Earlier this week I had a post about draft legislation from state Rep. Roscoe Streyle (R-Minot) which would ban remuneration and reimbursement from the university foundations to university presidents.
In that post I wrote that the big issue with those sort of financial relationships are the potential for conflicts of interest between foundation donors and the university. When the donors are covering lavish personal expenses for the university president – NDUS’ Dean Bresciani gets his $11,000 per-year country club membership paid for, among other things – you have to wonder if they might have business with NDSU.
Business that Bresciani could help influence.
I had asked NDSU Development Foundation CEO John Glover about how they guard against this potential for quid pro quo, and he didn’t bother to respond to me. Today the Fargo Forum picked up my story, and it seems the foundation didn’t want to talk to them about it either.
Foundation directors and trustees declined to comment on Streyle’s proposal after their meeting Wednesday afternoon. Foundation President and CEO John Glover released a statement noting the long history of philanthropic support for higher education, including university leaders.
“The leaders of today’s institutions are critical in sharing the vision, a story of impact and a future of hope,” he said in an email. “We need their involvement in fostering public-private partnerships that make a difference to support the university’s mission.”
After The Forum requested an interview with Bresciani, university spokeswoman Sadie Rudolph released this statement: “We look forward to the discussions around important issues for higher education in the upcoming legislative session.”

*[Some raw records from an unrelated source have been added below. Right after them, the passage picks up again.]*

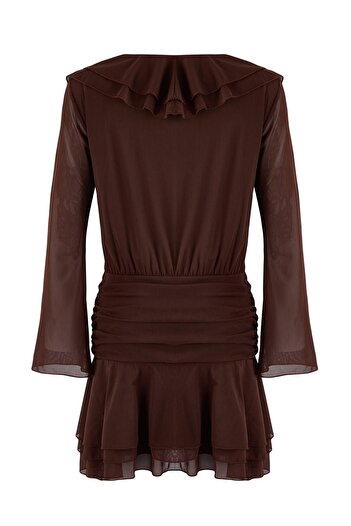 Trendyol Collection Brown Plain Flounced / Ruffled Extra Short / Super Mini Knitted Dress Twoaw26El00332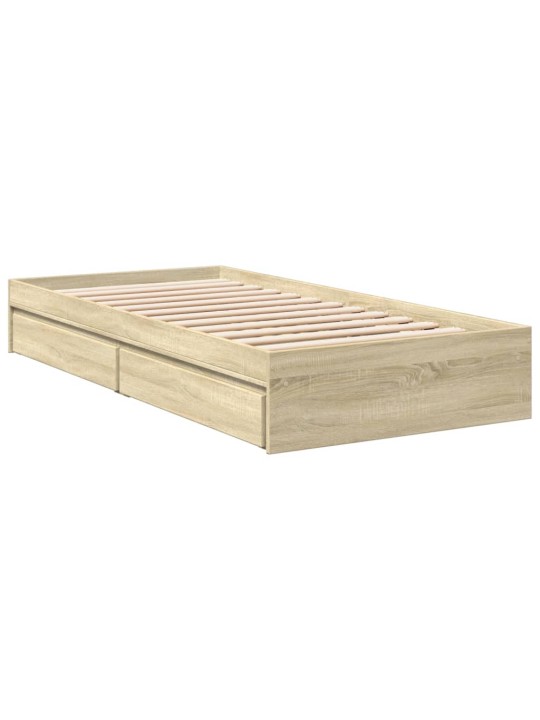 Rám postele se zásuvkami dub sonoma 90x200 cm kompozitní dřevo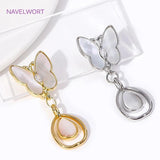 18K Plated Zircon Shell Butterfly Earrings Clasp Hooks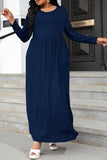 Plus Size Round Neck Long Sleeve Maxi Dress with Pockets - Trendsi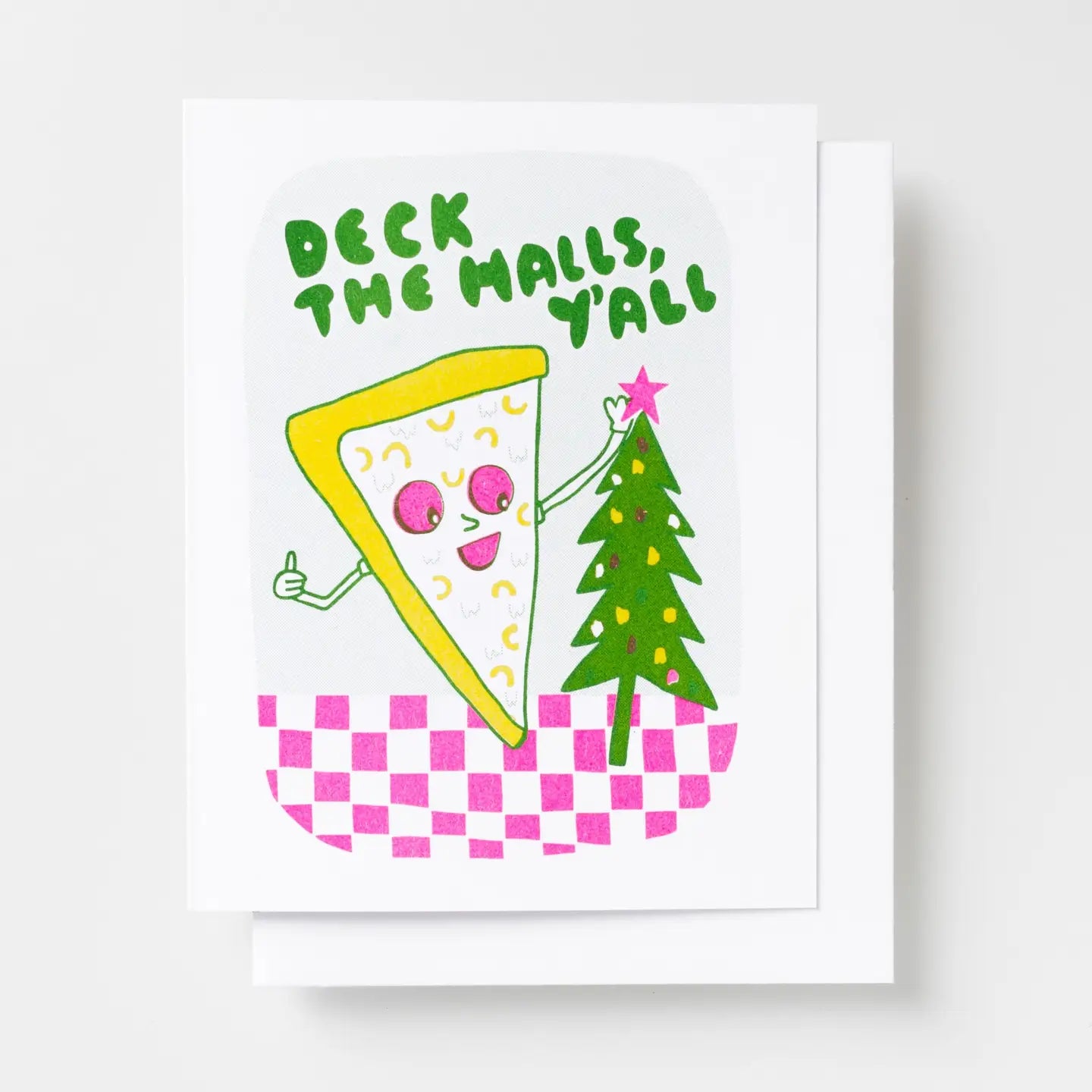 Deck The Halls Pizza Holiday Card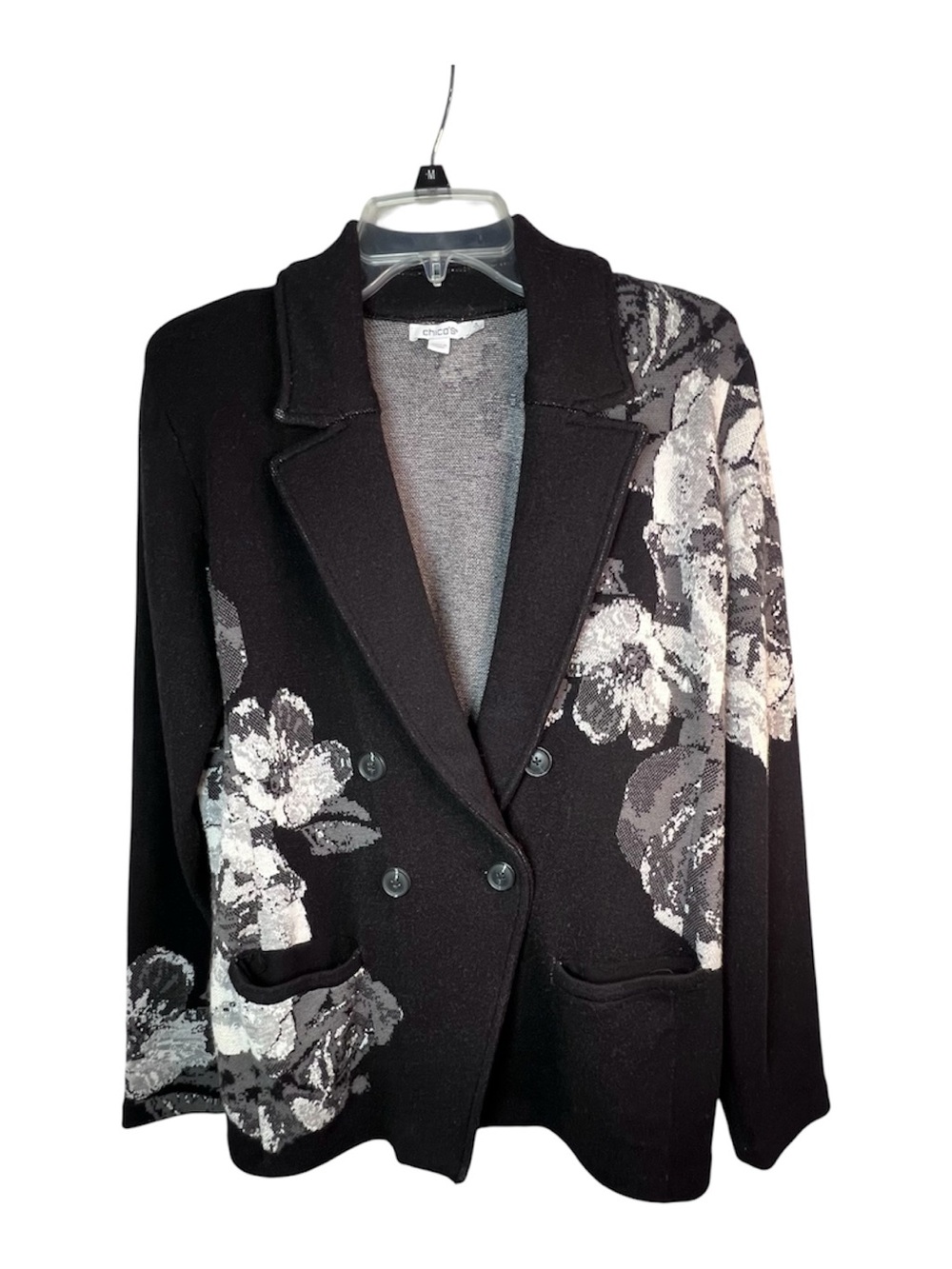 Chico’s Knit Sweater Black and White Blazer with Floral Designs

I think the public deserves clarity on this issue.
Our university presidents are some of the highest paid public officials in the state. They hold positions of enormous influence over millions upon millions of tax dollars. These cozy relationships between someone like Bresciani and anonymous donors should either be prohibited or disclosed entirely.
Nobody would be happy with, say, our governor getting his country club membership paid for by anonymous donors who may or may not have business the governor could influence. So why on earth would we accept it for our university presidents?
UPDATE: Speaking of conflicts of interest, I missed this related article from earlier today:
The North Dakota State University Foundation’s first meeting to plan a controversial student housing complex east of campus focused on avoiding potential conflicts of interest.
Jeff Volk, chairman of the property management committee, urged members to recuse themselves if they decide they would like to be considered as developers for a project along the 1600 block of University Drive and 12th Street North.
“I caution those of you that want to be on the other side of the table at the end to figure out where the conflict starts,” Volk said. “It hasn’t started yet, but as we move through the process, there’s going to be a point in time where a conflict will be created.”
As I noted in a previous post, one outspoken supporter of this development has been NDSU President Dean Bresciani.
It seems the foundation knows they have a problem, even if they won’t directly acknowledge it.